(TO DO)
The listing below must be repeated word for word, without its pictures.
────────
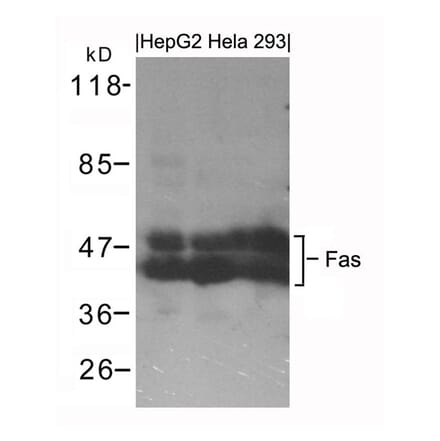 Western blot - Fas Antibody from Signalway Antibody (21419) - Antibodies.com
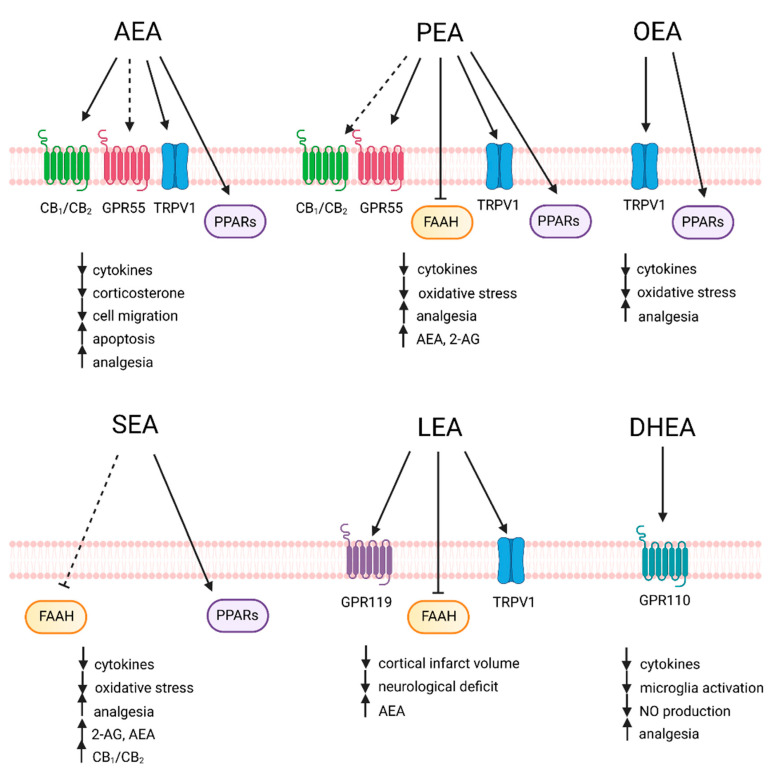 Signaling pathway and anti-inflammatory actions of NAEs. Arachidonoylethanolamide (AEA) signals via the cannabinoid receptors CB1/2, the non-cannabinoid G protein coupled receptor (GPR)55, the transient receptor potential cation channel subfamily V member 1 (TRPV1), and the peroxisome proliferator-activated receptor (PPAR)-α and γ. Palmitoylethanolamide (PEA) has been shown to inhibit the fatty acid amide hydrolase (FAAH) and to signal via GPR55, TRPV1, and PPAR-α, while CB1/2binding is still controversial. Oleoylethanolamide (OEA) activates TRPV1 and PPAR-α, while stearoylethanolamide (SEA) inhibits FAAH and activates PPAR-α. Linoleylethanolamide (LEA) was shown to activate TRPV1, GPR119, and to inhibit FAAH, while docosahexaenoylethanolamide (DHEA) signaling involves the activation of GPR110.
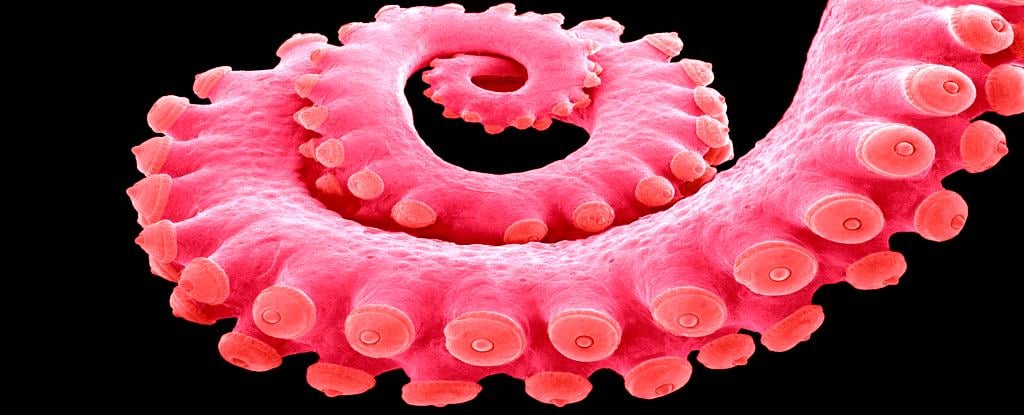 Tintenfische sind im Grunde genommen beidhändig, haben aber immer noch einen Lieblingsarm für spezifische Anwendungsfälle. Neue Beweise zeigen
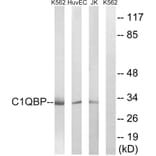 Western Blot - Anti-C1QBP Antibody (C15217) - Antibodies.com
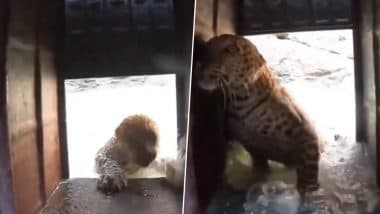 Viral Video: कुएं में गिरने के बाद छटपटाने लगा तेंदुआ, काफी मशक्कत के बाद ऐसे बची जानवर की जान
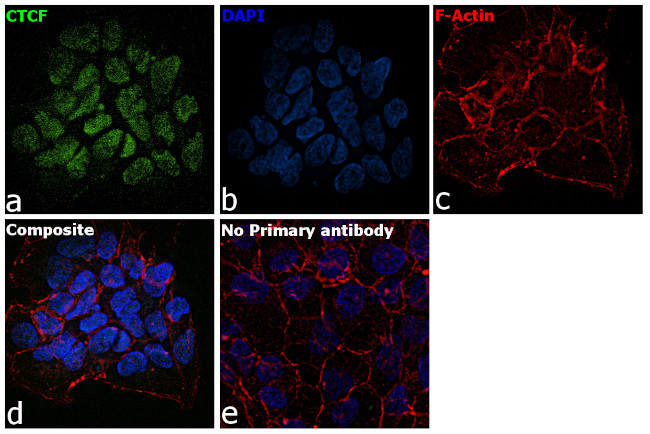 CTCF Antibody in Immunocytochemistry (ICC/IF)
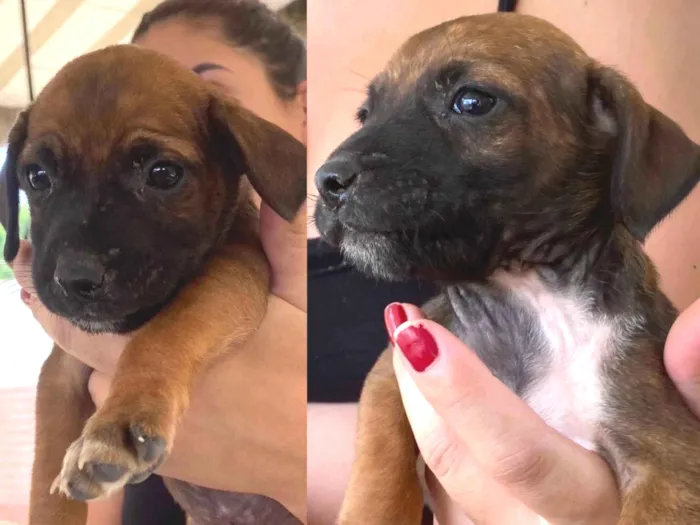 Cachorro ra a SRD-ViraLata idade Abaixo de 2 meses nome Chai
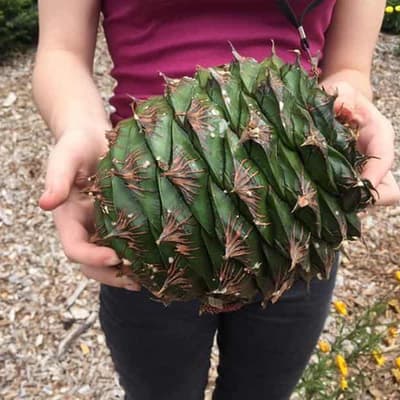 Genomic tools show innovative Indigenous agriculture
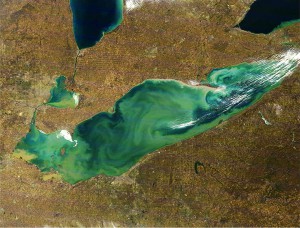 Cyanobacteria blooms in Lake Erie. Credit NASA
────────
(TASK OUTPUT)
 Western blot - Fas Antibody from Signalway Antibody (21419) - Antibodies.com
 Signaling pathway and anti-inflammatory actions of NAEs. Arachidonoylethanolamide (AEA) signals via the cannabinoid receptors CB1/2, the non-cannabinoid G protein coupled receptor (GPR)55, the transient receptor potential cation channel subfamily V member 1 (TRPV1), and the peroxisome proliferator-activated receptor (PPAR)-α and γ. Palmitoylethanolamide (PEA) has been shown to inhibit the fatty acid amide hydrolase (FAAH) and to signal via GPR55, TRPV1, and PPAR-α, while CB1/2binding is still controversial. Oleoylethanolamide (OEA) activates TRPV1 and PPAR-α, while stearoylethanolamide (SEA) inhibits FAAH and activates PPAR-α. Linoleylethanolamide (LEA) was shown to activate TRPV1, GPR119, and to inhibit FAAH, while docosahexaenoylethanolamide (DHEA) signaling involves the activation of GPR110.
 Tintenfische sind im Grunde genommen beidhändig, haben aber immer noch einen Lieblingsarm für spezifische Anwendungsfälle. Neue Beweise zeigen
 Western Blot - Anti-C1QBP Antibody (C15217) - Antibodies.com
 Viral Video: कुएं में गिरने के बाद छटपटाने लगा तेंदुआ, काफी मशक्कत के बाद ऐसे बची जानवर की जान
 CTCF Antibody in Immunocytochemistry (ICC/IF)
 Cachorro ra a SRD-ViraLata idade Abaixo de 2 meses nome Chai
 Genomic tools show innovative Indigenous agriculture
 Cyanobacteria blooms in Lake Erie. Credit NASA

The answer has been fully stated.